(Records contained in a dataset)
BEGIN

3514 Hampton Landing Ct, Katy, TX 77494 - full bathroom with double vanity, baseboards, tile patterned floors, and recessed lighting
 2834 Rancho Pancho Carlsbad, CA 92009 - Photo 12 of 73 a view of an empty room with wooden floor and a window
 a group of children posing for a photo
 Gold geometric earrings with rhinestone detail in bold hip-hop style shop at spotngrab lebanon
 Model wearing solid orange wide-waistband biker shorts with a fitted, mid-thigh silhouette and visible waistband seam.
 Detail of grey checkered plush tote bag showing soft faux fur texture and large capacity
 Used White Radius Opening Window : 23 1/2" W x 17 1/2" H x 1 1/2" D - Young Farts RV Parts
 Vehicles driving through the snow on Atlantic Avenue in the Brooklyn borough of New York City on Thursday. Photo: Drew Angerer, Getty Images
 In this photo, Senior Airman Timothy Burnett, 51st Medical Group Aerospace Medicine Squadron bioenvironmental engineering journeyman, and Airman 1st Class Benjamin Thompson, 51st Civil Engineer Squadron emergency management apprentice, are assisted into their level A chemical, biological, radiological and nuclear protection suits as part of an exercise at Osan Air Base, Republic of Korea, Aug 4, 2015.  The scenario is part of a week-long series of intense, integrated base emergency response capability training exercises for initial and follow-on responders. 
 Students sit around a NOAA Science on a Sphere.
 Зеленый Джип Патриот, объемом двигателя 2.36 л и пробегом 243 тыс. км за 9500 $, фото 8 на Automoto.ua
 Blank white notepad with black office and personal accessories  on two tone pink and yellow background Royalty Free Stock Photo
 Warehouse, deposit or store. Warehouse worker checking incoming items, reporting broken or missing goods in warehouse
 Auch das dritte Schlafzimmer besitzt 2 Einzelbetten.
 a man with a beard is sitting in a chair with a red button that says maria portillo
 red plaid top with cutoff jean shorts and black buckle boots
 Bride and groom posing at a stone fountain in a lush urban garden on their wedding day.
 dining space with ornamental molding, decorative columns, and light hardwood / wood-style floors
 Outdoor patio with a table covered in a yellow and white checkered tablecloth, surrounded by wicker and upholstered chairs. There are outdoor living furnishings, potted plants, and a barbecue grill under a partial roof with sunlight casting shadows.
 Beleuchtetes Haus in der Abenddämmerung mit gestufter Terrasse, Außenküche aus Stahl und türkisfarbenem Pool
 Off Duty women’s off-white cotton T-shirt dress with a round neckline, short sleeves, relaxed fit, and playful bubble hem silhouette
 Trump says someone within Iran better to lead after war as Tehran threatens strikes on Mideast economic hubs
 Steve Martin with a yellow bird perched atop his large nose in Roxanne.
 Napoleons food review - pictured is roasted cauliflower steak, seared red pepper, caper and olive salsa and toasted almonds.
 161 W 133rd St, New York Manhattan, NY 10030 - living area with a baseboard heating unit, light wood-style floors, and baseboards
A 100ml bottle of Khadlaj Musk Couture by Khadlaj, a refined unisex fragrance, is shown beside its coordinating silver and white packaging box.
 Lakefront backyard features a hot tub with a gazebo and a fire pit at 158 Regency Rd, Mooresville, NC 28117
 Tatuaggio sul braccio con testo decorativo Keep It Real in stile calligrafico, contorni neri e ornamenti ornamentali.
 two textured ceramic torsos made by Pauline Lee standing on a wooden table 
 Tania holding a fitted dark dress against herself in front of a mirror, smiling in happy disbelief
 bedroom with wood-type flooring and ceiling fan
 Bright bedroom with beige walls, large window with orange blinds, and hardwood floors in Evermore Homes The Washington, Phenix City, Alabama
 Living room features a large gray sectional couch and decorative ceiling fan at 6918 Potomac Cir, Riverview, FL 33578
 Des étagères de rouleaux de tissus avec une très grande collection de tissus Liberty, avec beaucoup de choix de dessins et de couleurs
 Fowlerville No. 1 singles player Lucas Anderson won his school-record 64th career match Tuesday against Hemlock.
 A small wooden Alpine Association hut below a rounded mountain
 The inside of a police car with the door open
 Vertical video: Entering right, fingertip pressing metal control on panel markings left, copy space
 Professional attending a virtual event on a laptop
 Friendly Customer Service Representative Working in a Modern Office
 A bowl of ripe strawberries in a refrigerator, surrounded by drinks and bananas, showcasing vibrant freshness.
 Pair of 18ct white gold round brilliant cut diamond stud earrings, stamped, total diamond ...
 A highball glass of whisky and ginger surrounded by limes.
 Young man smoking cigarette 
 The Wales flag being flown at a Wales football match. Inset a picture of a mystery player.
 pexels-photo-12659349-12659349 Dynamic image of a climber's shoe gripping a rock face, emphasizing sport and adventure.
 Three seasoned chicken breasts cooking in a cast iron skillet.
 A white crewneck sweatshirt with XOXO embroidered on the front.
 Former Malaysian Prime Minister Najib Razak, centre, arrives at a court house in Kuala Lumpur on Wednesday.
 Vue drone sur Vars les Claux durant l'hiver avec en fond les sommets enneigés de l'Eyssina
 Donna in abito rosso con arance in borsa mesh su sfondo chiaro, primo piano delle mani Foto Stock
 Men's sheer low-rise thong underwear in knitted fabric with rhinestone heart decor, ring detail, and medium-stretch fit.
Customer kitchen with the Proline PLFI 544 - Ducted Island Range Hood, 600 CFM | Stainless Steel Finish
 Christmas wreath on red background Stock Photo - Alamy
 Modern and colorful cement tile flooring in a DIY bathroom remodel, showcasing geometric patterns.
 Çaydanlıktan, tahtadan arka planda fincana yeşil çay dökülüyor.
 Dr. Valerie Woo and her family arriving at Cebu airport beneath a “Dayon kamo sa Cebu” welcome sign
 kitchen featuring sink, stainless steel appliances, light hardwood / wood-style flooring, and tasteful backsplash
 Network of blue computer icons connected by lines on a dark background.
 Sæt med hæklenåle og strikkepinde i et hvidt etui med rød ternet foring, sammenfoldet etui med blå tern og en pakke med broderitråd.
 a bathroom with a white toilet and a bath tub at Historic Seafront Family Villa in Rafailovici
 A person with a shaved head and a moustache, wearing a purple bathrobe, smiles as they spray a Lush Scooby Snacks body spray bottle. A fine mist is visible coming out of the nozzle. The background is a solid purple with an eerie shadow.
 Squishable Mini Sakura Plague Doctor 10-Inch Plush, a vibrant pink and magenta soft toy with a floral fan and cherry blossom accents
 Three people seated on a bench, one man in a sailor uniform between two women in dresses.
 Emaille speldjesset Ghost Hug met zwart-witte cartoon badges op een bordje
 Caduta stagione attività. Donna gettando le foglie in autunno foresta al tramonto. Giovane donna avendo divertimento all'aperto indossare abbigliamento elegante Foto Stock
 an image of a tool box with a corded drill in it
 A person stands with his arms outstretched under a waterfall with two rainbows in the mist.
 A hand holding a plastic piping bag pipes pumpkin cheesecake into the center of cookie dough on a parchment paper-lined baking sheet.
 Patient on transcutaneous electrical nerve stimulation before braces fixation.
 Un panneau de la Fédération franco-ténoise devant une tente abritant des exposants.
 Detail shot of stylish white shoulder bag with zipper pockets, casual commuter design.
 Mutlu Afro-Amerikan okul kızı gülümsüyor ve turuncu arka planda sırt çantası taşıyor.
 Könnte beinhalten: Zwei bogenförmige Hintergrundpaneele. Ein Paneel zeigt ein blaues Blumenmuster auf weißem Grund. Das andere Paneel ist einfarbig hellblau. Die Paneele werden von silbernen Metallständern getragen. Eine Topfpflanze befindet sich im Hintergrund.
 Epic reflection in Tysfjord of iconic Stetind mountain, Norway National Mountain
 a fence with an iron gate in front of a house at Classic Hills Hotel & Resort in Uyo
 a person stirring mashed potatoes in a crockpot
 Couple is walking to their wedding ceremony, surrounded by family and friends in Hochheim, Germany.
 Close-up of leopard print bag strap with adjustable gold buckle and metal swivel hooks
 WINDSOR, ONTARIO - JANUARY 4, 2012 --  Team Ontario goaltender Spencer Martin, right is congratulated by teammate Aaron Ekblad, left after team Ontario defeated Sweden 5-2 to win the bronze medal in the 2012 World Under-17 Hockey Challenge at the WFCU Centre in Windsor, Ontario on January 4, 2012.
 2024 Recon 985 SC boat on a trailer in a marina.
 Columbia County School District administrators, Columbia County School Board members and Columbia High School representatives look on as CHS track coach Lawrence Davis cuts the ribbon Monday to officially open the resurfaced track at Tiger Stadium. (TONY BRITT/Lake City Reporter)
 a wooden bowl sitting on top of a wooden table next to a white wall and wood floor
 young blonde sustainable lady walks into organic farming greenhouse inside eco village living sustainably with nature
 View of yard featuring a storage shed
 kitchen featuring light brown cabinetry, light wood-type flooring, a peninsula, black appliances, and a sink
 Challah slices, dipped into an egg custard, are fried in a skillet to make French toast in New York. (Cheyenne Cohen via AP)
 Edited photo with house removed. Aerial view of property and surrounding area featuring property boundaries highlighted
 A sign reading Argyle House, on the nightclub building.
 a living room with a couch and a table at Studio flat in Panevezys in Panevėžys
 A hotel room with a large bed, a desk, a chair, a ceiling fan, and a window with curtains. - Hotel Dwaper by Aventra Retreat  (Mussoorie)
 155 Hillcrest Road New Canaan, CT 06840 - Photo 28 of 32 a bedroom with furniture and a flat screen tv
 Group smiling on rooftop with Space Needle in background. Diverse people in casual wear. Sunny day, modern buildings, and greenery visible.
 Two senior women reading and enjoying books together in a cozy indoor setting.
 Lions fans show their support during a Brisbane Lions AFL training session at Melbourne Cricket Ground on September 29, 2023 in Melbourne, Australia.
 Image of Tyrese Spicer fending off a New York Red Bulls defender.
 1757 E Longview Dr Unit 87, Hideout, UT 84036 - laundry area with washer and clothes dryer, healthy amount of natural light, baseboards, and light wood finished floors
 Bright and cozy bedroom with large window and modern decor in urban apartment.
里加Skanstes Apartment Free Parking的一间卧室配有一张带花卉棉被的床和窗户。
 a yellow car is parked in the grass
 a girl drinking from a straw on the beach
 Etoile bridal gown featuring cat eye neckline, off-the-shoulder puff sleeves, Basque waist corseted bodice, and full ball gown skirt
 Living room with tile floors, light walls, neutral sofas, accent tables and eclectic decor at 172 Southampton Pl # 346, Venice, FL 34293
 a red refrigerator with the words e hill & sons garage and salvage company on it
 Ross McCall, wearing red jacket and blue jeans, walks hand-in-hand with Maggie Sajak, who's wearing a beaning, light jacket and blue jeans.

END

# Work to complete
Copy the lines of the data above exactly as written, beginning with the line containing "two textured ceramic" and ending with the line containing "Professional attending a", and leave out all other lines.

# Exercise output
 two textured ceramic torsos made by Pauline Lee standing on a wooden table 
 Tania holding a fitted dark dress against herself in front of a mirror, smiling in happy disbelief
 bedroom with wood-type flooring and ceiling fan
 Bright bedroom with beige walls, large window with orange blinds, and hardwood floors in Evermore Homes The Washington, Phenix City, Alabama
 Living room features a large gray sectional couch and decorative ceiling fan at 6918 Potomac Cir, Riverview, FL 33578
 Des étagères de rouleaux de tissus avec une très grande collection de tissus Liberty, avec beaucoup de choix de dessins et de couleurs
 Fowlerville No. 1 singles player Lucas Anderson won his school-record 64th career match Tuesday against Hemlock.
 A small wooden Alpine Association hut below a rounded mountain
 The inside of a police car with the door open
 Vertical video: Entering right, fingertip pressing metal control on panel markings left, copy space
 Professional attending a virtual event on a laptop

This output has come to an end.